I will start this post with a Disclaimer:
This text is not intended to describe any single country or government. It reflects patterns that have appeared in many societies at different times, including established and emerging democracies such as the United States and others . Readers are encouraged to consider whether, and to what extent, these dynamics may or may not apply to their own country.
There is an old idea that power likes costumes. The more authoritarian it becomes, the more carefully it dresses itself. In countries showing authoritarian tendencies, people increasingly wonder whether they are witnessing ordinary governance or the quiet staging of a regime. When “masked” security forces operate with violence, intimidation, and raw displays of power that seem more focused on fear than on law, it is hardly surprising that citizens turn to history books in search of parallels they wish they did not recognize.

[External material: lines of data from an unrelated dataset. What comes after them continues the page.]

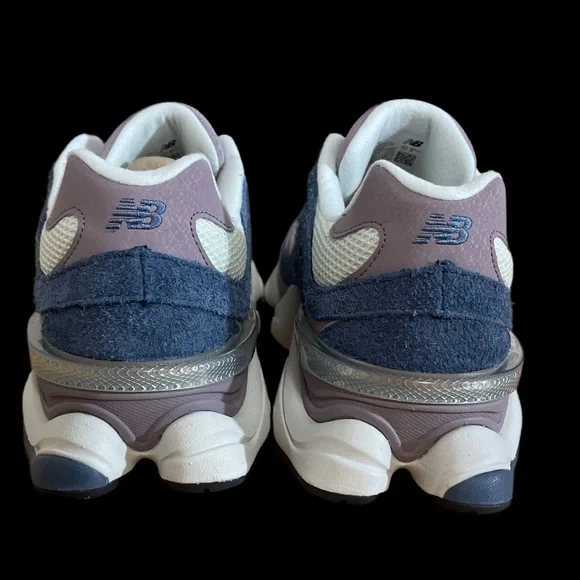 New Balance 9060 Unisex Sizing M/10.5 W/12 Navy Teal Cream  display picture 2
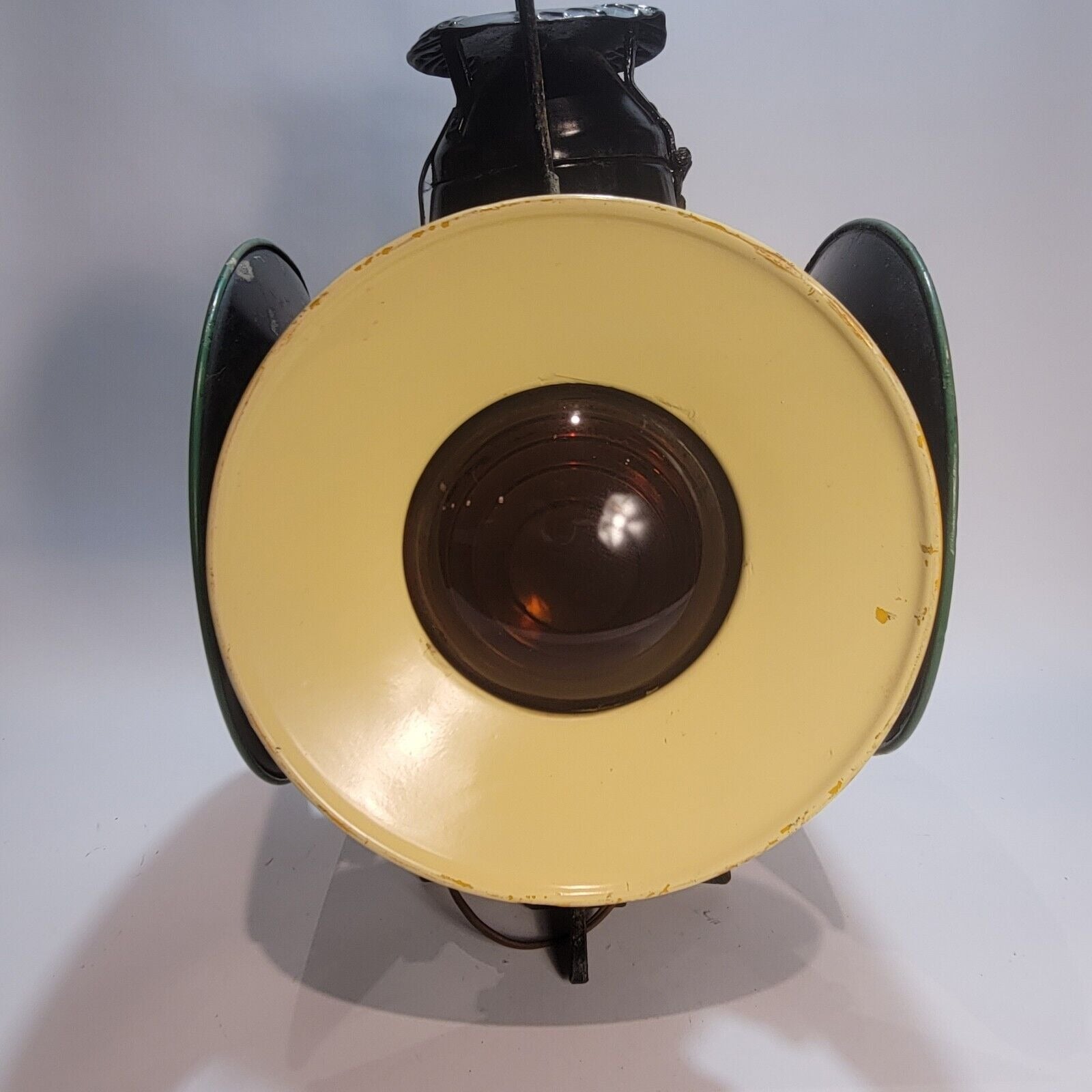 Handlan St. Louis 4 Way Railroad Lantern with Kopp Glass Lenses – Piddle  Crick Hill Mercantile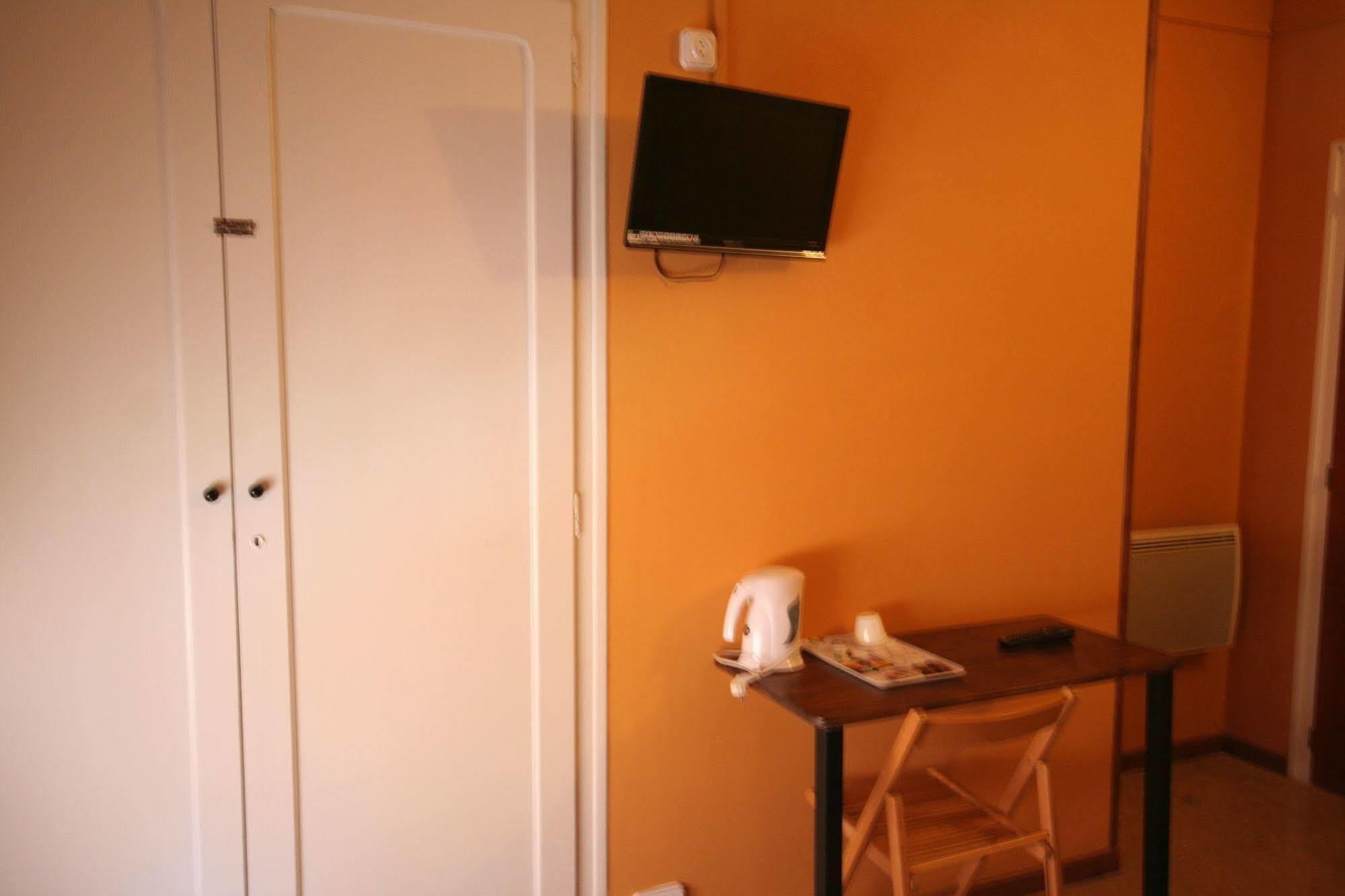 Hostal Juventus Порбоу Екстер'єр фото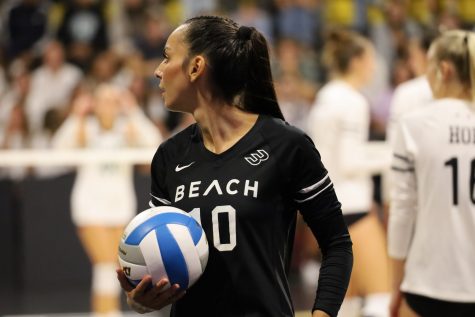 Long Beach State women’s volleyball team junior, defensive specialist, Savana Chacon prepares for the serve. Chacon had eight assists and 10 digs.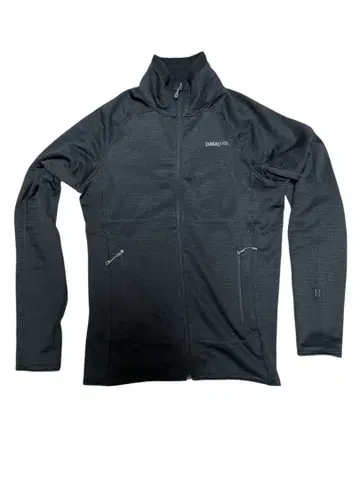 patagonia 블랙 R1 자켓 S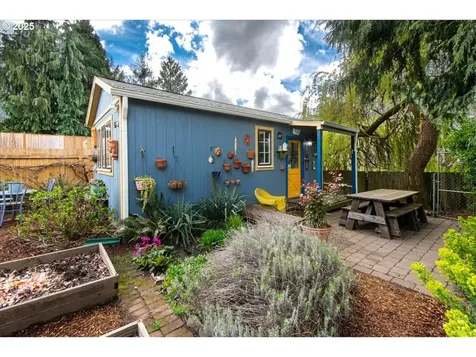 221 NE 58th Avenue Portland OR 97213
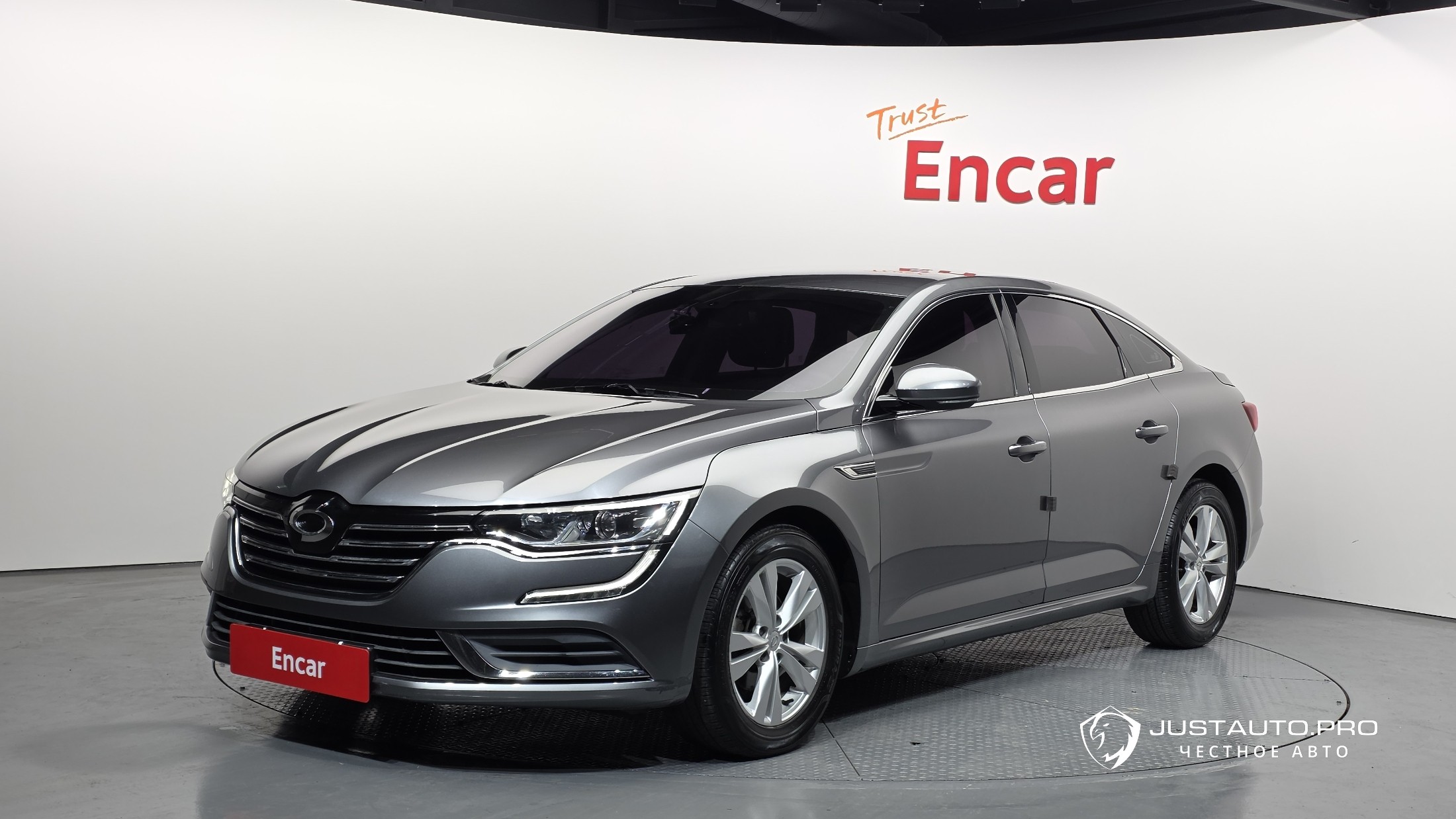 Автомобиль Renault-KoreaSamsung SM6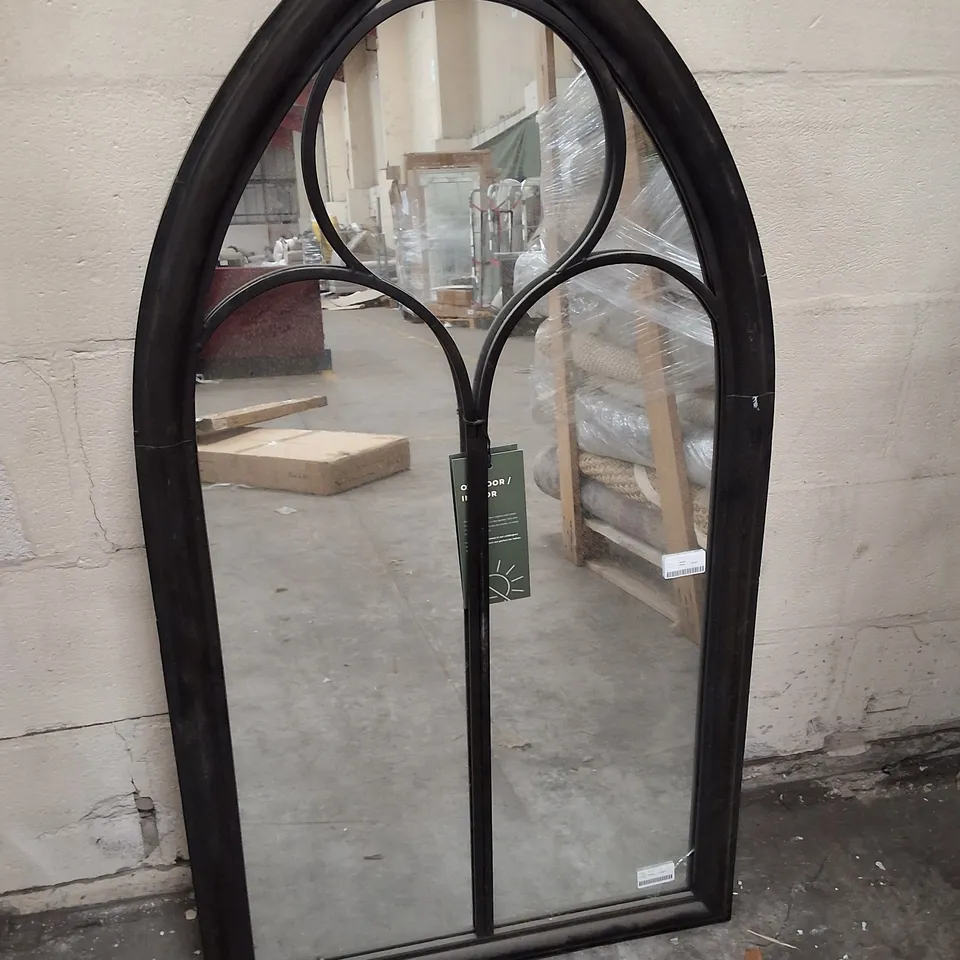 MONICA INDOOR/OUTDOOR MIRROR - NOIR 62×112×4CM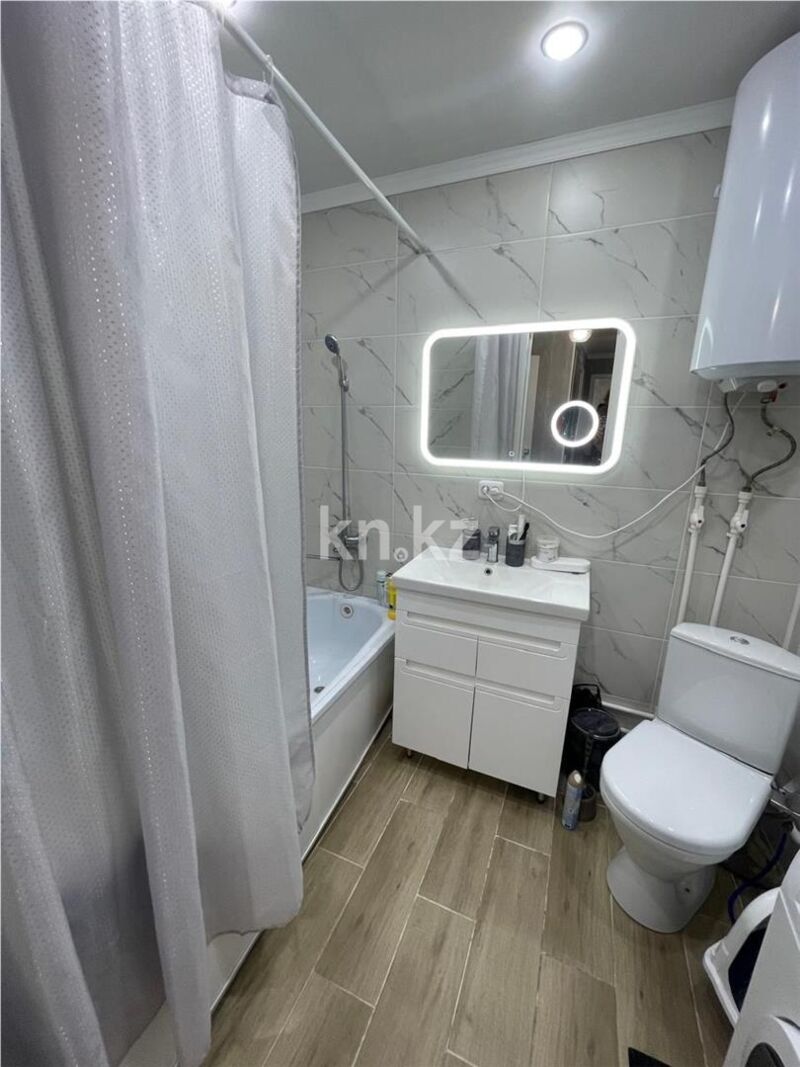 Продажа 2-комнатной квартиры, 69 м² - Продажа квартир в монолитно-каркасном доме в Караганде - страница 3 фото 9 из 12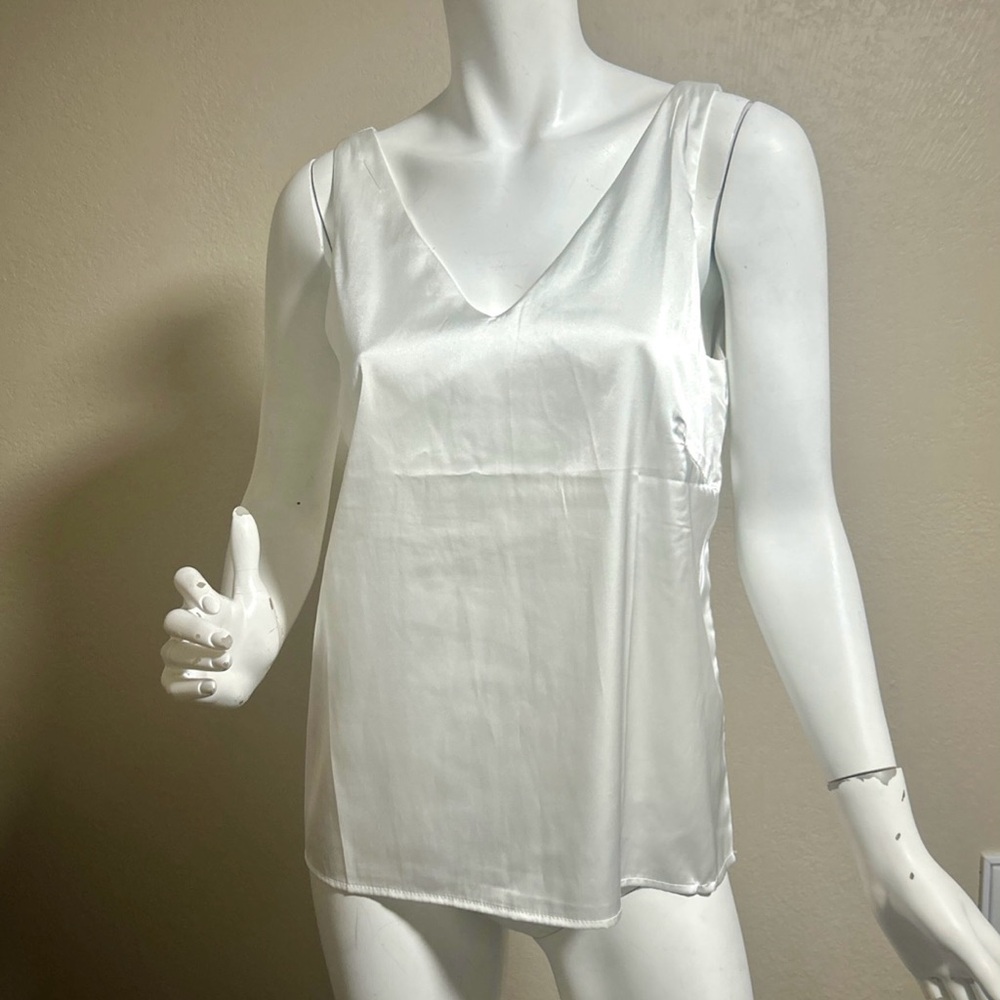 Maysoar Women’s White V-Neck Sleeveless Blouse Size S Silky Look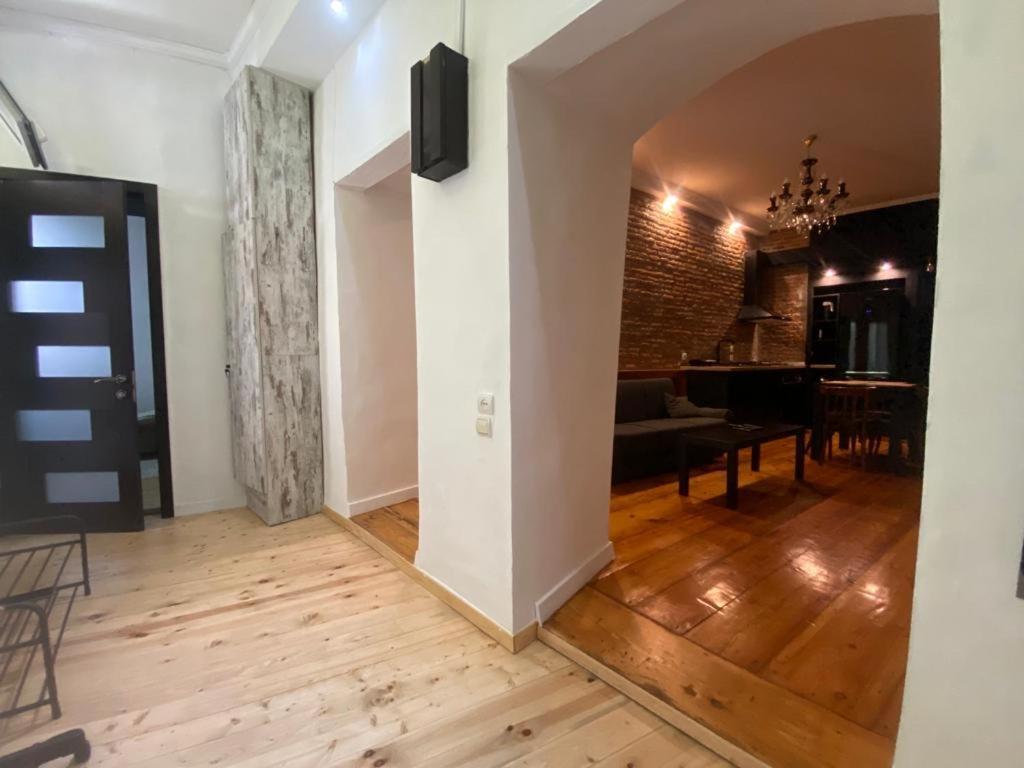 Appartamento Tbilisi Central Esterno foto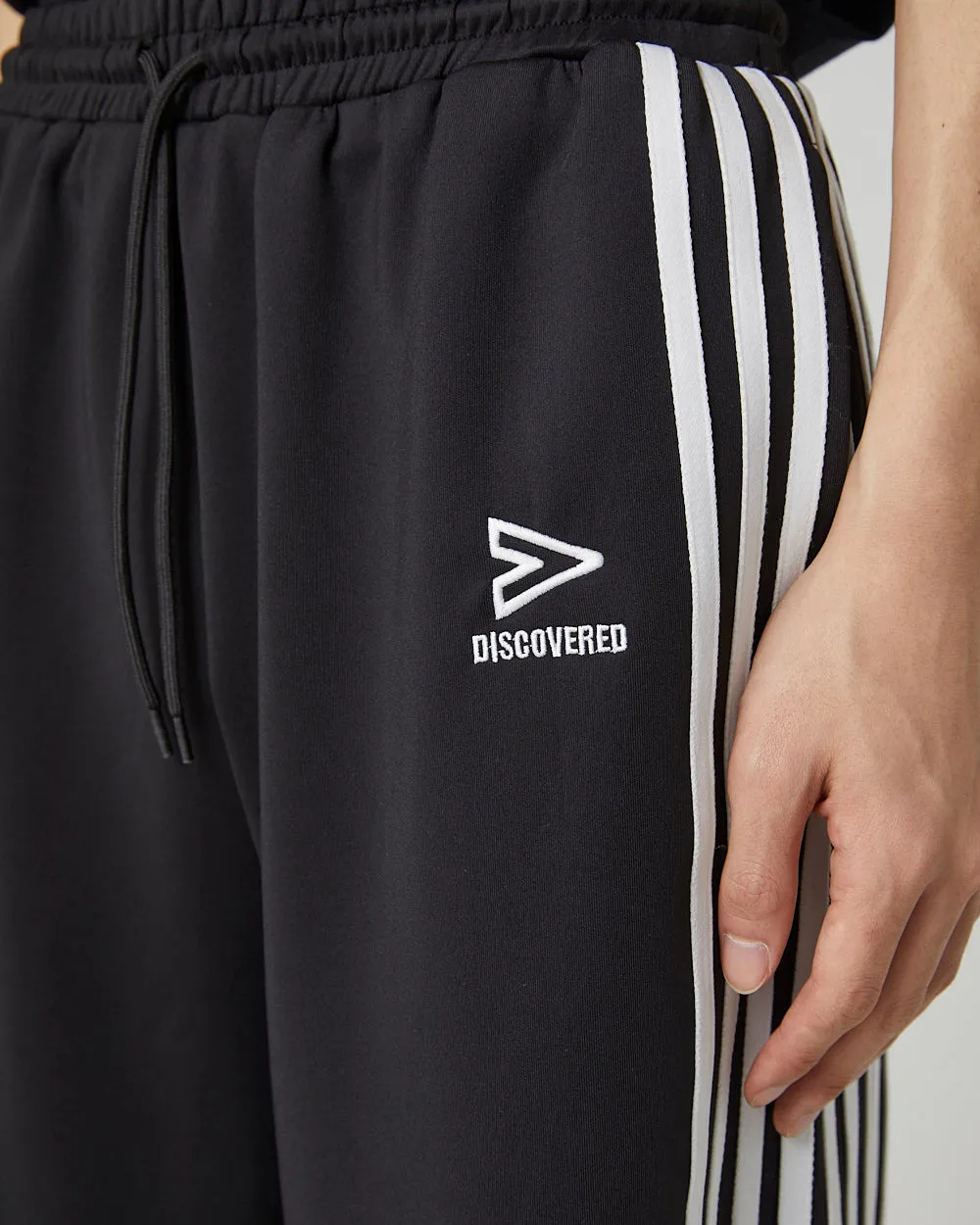 TRACK PANTS｜BLACK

This has led to comparisons with secret police forces of darker eras. Such words are not used lightly. Yet they tend to surface when power is exercised aggressively and systematically, when people are treated as threats rather than participants in civic life, and when legal safeguards are experienced as obstacles instead of foundations. These comparisons arise not from hysteria alone, but from a sense of recognition.
Then there are some of the leaders themselves. The preference for military-style attire, heavy coats, or carefully curated symbols of authority often echoes aesthetics the world was meant to have outgrown. One might dismiss this as coincidence. History is less forgiving. The same restraint of language appears in public communication: brief, declarative statements, sometimes delivered through modern platforms ( tweets, truth social ), that leave little room for explanation or debate and quietly recall older traditions of rule by announcement rather than persuasion. In such climates, symbolism is rarely innocent. It is selected with care, refined over time, and intended to communicate power without words.
Most revealing, however, is the underlying dynamic. Power presses society toward its limits, sometimes appearing to welcome resistance, since resistance can serve as justification. When unrest finally erupts, authorities are able to point to it as evidence that stronger measures were unavoidable. In this way, increasingly severe tactics are framed as necessary in the name of order or security. ( caution: So please whatever emotions you may have don’t give the state in such a state reasons to justify violence on you)
These countries have not fallen through sudden coups. They drift through gradual transformations in which fear is marketed as safety and compliance as stability. When societies become accustomed to power that intimidates more than it protects, the crisis extends beyond politics and into the foundations of democratic life itself.
Hope lies in the possibility that people will recognize the pattern in time—that they will remember history not as an accusation, but as a warning, and understand that repetition is not inevitable if awareness comes early enough.
Whether this description resonates or not is left to the reader. The measure is not the name of a country, but the presence—or absence—of these patterns in one’s own society.